Die Mühlen der EU-Bürokratie mahlen langsam. Nach viel Überzeugungsarbeit hat sich die EU-Kommission nun endgültig entschlossen, die Republik Österreich wegen mangelnder Umsetzung der Richtlinie 95/46/EG zu verklagen.

Sie begründet ihren Schritt damit, dass die österreichische Datenschutzkommission (DSK) nicht über die nötige Unabhängigkeit verfüge. Nach Meinung der Kommission stimmt das österreichische Datenschutzgesetz nicht mit dem EU-Recht überein, das von den Mitgliedstaaten die Errichtung einer gänzlich unabhängigen Einrichtung verlangt, die die Anwendung der Datenschutzrichtlinie von 1995 (Richtlinie 95/46/EG) überwachen soll.

Im österreichischen Datenschutzgesetz von 2000 heißt es zwar, dass die Mitglieder der Datenschutzkommission in Ausübung ihres Amtes unabhängig und an keine Weisungen gebunden sind.
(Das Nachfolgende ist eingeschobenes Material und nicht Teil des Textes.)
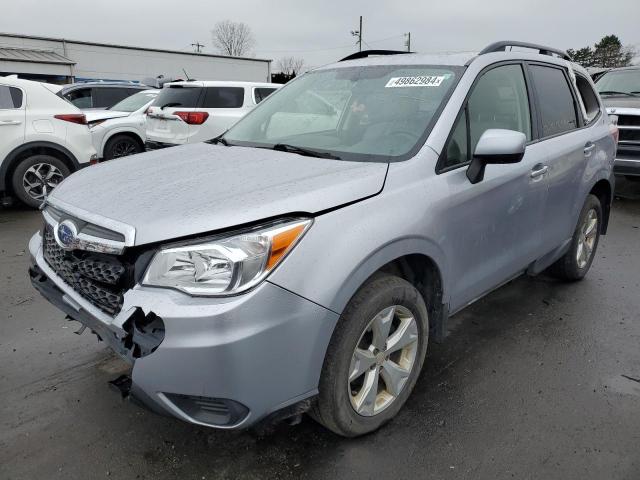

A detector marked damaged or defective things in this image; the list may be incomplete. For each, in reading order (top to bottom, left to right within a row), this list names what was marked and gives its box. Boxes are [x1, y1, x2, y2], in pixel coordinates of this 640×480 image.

damaged front bumper [28, 232, 340, 428]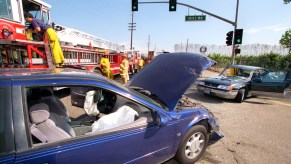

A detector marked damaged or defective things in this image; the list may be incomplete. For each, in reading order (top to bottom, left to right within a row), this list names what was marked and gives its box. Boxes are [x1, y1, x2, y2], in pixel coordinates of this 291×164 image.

blue crashed car [0, 52, 224, 164]
deployed airbag [93, 105, 140, 133]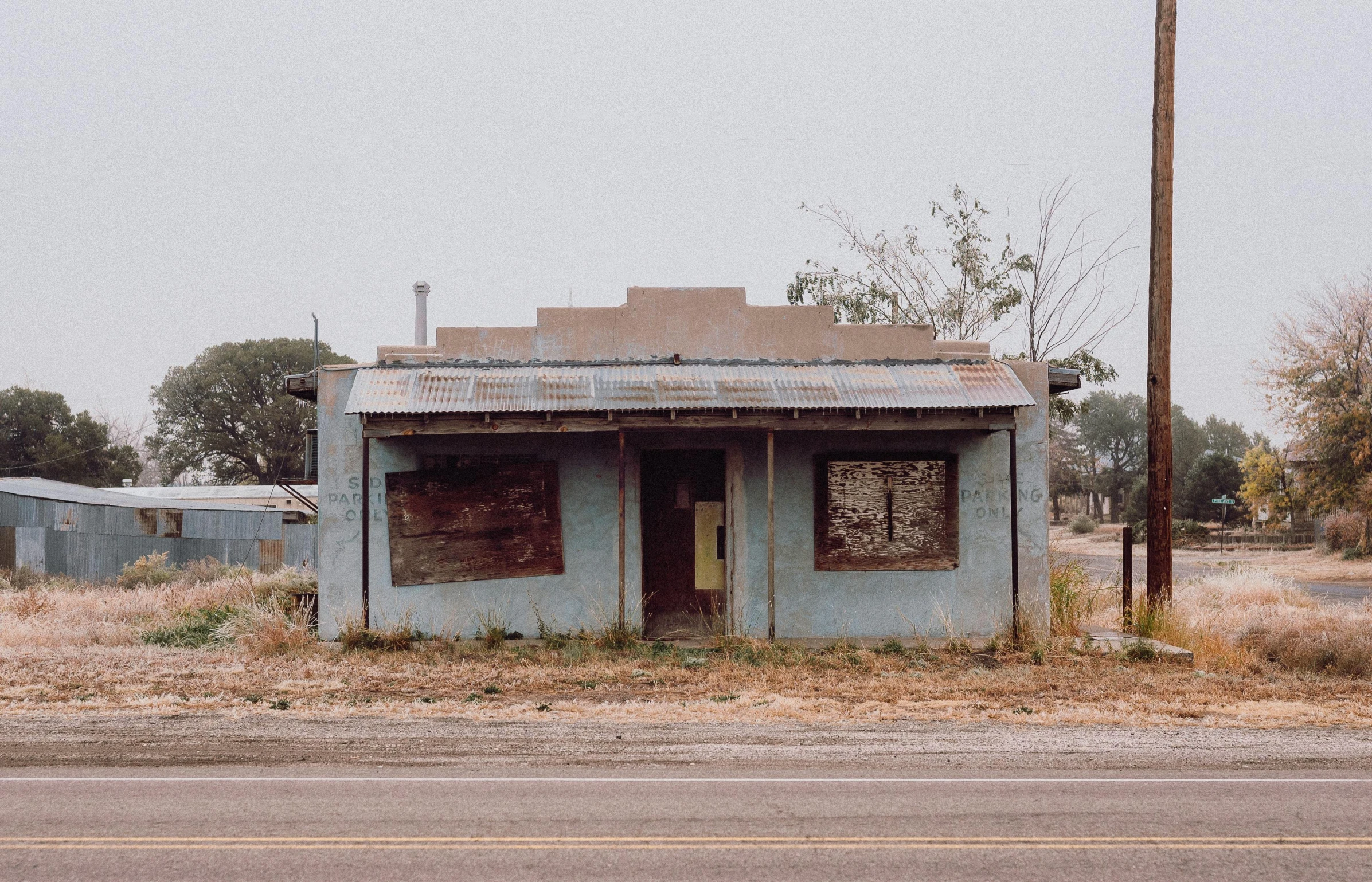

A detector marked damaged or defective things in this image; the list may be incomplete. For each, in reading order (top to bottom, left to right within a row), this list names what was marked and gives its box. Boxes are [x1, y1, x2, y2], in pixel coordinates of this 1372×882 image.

rusted metal [344, 360, 1032, 415]
rusted metal [619, 431, 628, 628]
rusted metal [771, 431, 780, 642]
rusted metal [1009, 426, 1023, 642]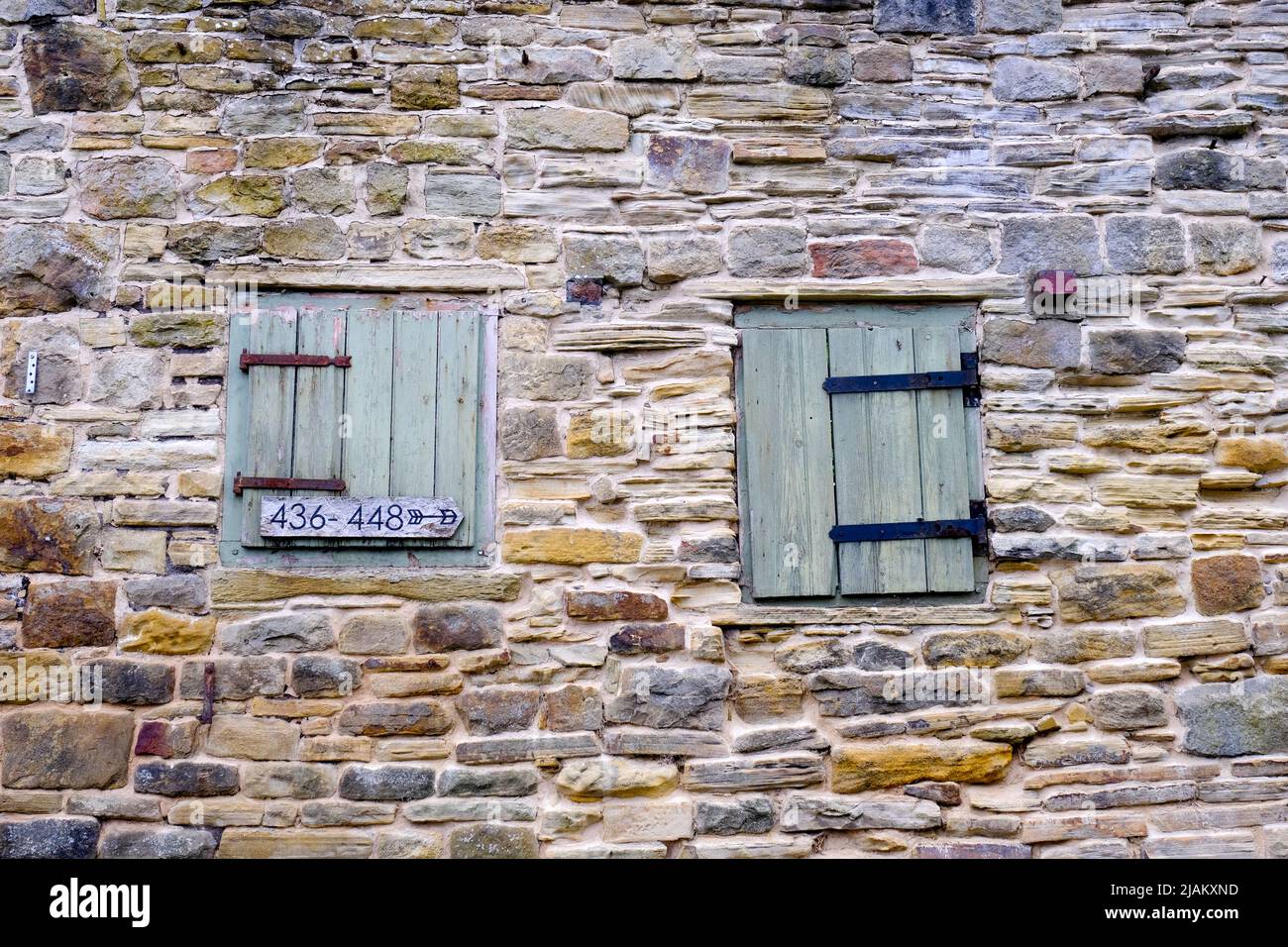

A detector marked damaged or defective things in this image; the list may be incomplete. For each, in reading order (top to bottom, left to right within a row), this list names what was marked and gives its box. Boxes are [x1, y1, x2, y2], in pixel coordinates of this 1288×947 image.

Dennoch hält die Kommission eine vollkommene Unabhängigkeit im Sinne der EU-Datenschutzgesetzgebung aus folgenden Gründen für nicht gegeben:

  • Die Datenschutzkommission bleibt der Aufsicht durch das Bundeskanzleramt unterstellt, da es organisatorisch als auch personell dem Kanzleramt angeschlossen ist: Es verfügt weder über eine eigene Personal- und Sachausstattung noch über eigene Haushaltsmittel.
  • Seit ihrer Gründung 1980 werden die laufenden Geschäfte dieser Kommission von einem geschäftsführenden Mitglied wahrgenommen, der dem Bundeskanzleramt unterstellt ist.
  • Der Bundeskanzler hat das Recht, sich beim Vorsitzenden und beim geschäftsführenden Mitglied über alle Gegenstände der Geschäftsführung der Datenschutzkommission zu unterrichten. Hierdurch werden die Mitglieder der Datenschutzkommission daran gehindert, ihr Amt in völliger Unabhängigkeit auszuüben.
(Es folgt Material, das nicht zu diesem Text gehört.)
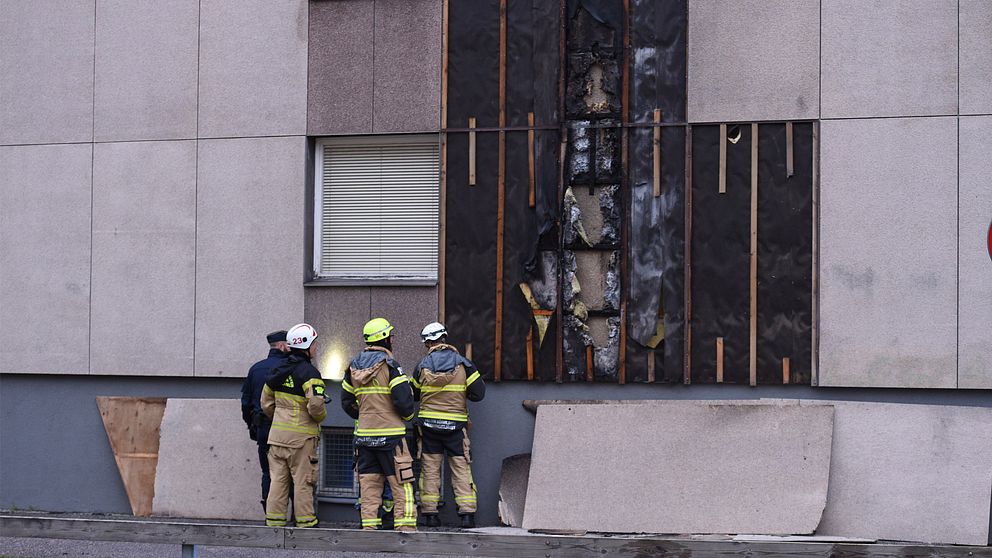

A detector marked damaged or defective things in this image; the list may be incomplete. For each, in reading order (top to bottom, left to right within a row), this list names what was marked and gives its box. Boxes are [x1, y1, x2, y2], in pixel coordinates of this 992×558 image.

fire-damaged facade [444, 0, 812, 388]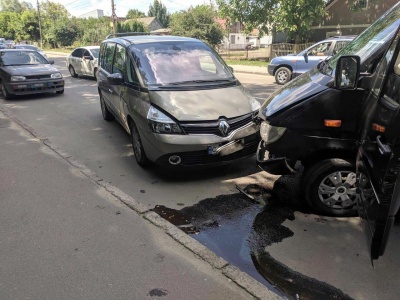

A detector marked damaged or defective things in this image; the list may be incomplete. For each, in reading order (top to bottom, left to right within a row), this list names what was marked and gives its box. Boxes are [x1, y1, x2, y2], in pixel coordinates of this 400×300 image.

Zu Beginn des Vertragsverletzungsverfahrens hat die Kommission Österreich in einer mit Gründen versehenen Stellungnahme aus dem Jahr 2009 aufgefordert, die Organisationsstruktur der Datenschutzkommission zu ändern. Da Österreich der Aufforderung nicht nachgekommen ist, hat die Kommission jetzt beschlossen, vor dem Gerichtshof Klage gegen Österreich zu erheben.
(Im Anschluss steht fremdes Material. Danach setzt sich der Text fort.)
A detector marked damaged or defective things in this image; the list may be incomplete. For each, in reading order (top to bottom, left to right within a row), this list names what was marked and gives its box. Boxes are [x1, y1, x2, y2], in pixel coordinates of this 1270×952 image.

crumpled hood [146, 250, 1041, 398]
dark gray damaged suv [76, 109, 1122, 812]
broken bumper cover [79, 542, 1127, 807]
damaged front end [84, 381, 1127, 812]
HINHALTEPOLITIK In den letzten Jahren gelang es Österreich immer wieder durch Versprechungen, Hinweise auf geplante Gesetzesnovellen und kosmetische Korrekturen, das Verfahren zu verschleppen. Im Herbst 2009 wurde »letztmalig« eine EU-Klage angedroht. Ergebnis war in Folge die DSG-Novelle 2010, die überhastet Dezember 2009 beschlossen wurde. Das Bundeskanzleramt hoffte mit Verweis auf die neue Bestimmungen, ein EuGH-Verfahren abwenden zu können. Statt jedoch die Unabhängigkeit der DSK zu verbessern, wurde sie mit der Novelle sogar verschlechtert. ARGE-Daten-Chef Hans Zeger: »Die personelle Ausstattung der DSK sollte endlich auf ein dem Aufgabenumfang angemessenes Niveau gehoben werden. Während EU-Länder vergleichbarer Größe durchschnittlich – die auch nicht sehr große Zahl – von 45 Mitarbeitern beschäftigen, sind es bei der DSK überhaupt nur 20 Mitarbeiter, von denen wieder mehr als die Hälfte bloß Registrierungsakten verwaltet.« Es sei nicht nachvollziehbar, warum Aufsichtsstellen vergleichsweise kleiner Branchen (Energie, Telefon, Internet) mit hundert und mehr Mitarbeitern ausgestattet sind, die DSK, die alle Datenverarbeitungsaktivitäten von etwa 5.000 Behörden und Körperschaften, 100.000 Vereinen und 400.000 Unternehmen überwachen soll, systematisch personell und finanziell ausgehungert werde, so Zeger.